Faith CoLab: Tapestry of Faith: Building Bridges: A World Religions Program for 8th-9th Grades

Leader Resource 1: Judaism Background

Although ancient, Judaism is not considered an indigenous religion; it is based on the revelation of religious wisdom and law to the people, not on an understanding that grows from personal experience or intuition. Revelation is believed to be a direct interaction between God and a human being.


Monotheistic religions worship one God. In Judaism, God is conceived of, communicated with, and understood only as a singular entity—unlike Hinduism, in which God may be "separated" into hundreds of deities. Jewish monotheism does not allow practitioners to worship images of God. Out of respect, traditional Jews will not write the name of God (instead, in English, a Jew might write "G-d").

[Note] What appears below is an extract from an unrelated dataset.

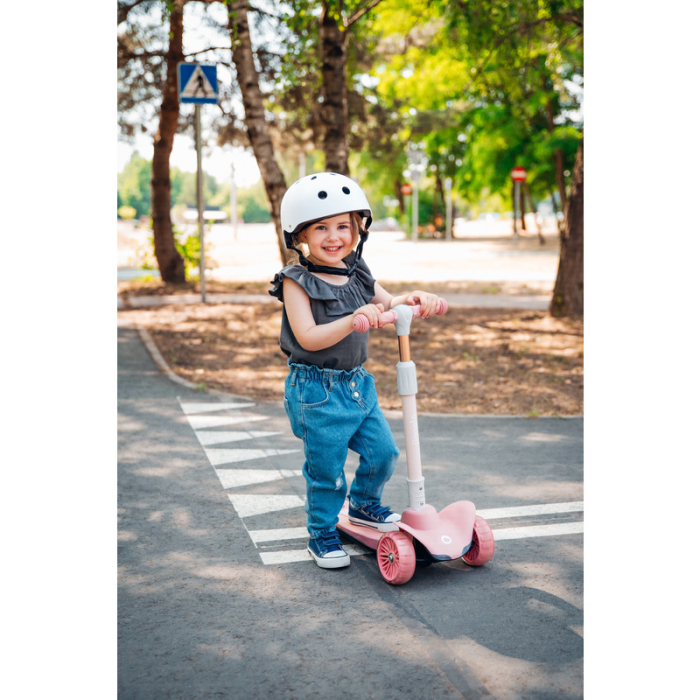 Trotineta, Lionelo, Timy, Copii, Ultrapliabila, Pana la 50 Kg, Cu design ergonomic, Cu lumini LED, 26 5 x 60 x 64-76 cm, 3 ani+, Roz [19]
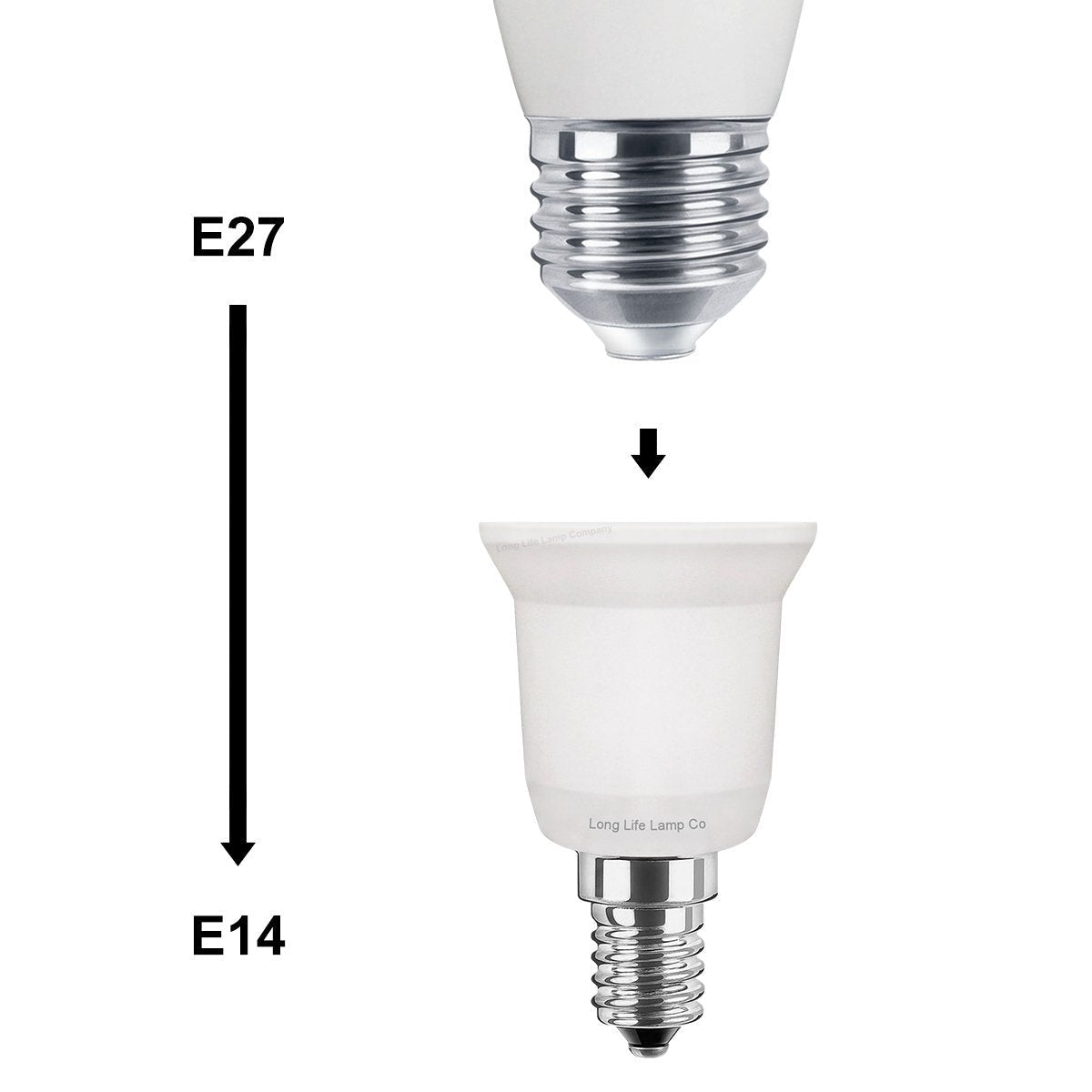 E14 to E27 Light Bulb Base Socket Converter Adaptor - Energy Light Bulbs - Free delivery on all orders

Although scholars debate whether Judaism can be described as non-creedal, the religion is primarily concerned with what practitioners do and less with what they believe.

Jews call themselves the People of the Law, People of the Book, or the Chosen People because of the covenant God made with the Jewish people, which includes laws, given in the Torah, which the people must obey. Different branches of Judaism today practice these laws to a greater or lesser degree. Orthodox Jews live strictly within the exact, literal specifications of 613 commandments given in the text of the Torah, shaping every facet of their lives to keep them. Conservative Jews adhere to the commandments they consider most important and maintain the spirit of the covenant. Reform Jews may symbolically follow selected commandments, but focus on a conceptual keeping of the covenant by honoring God, caring for the earth and all life on it (the world God created), and working to promote justice and heal our world. Reconstructionist Jews are religious humanists who emphasize Jewish values, culture, and history over teachings from biblical text.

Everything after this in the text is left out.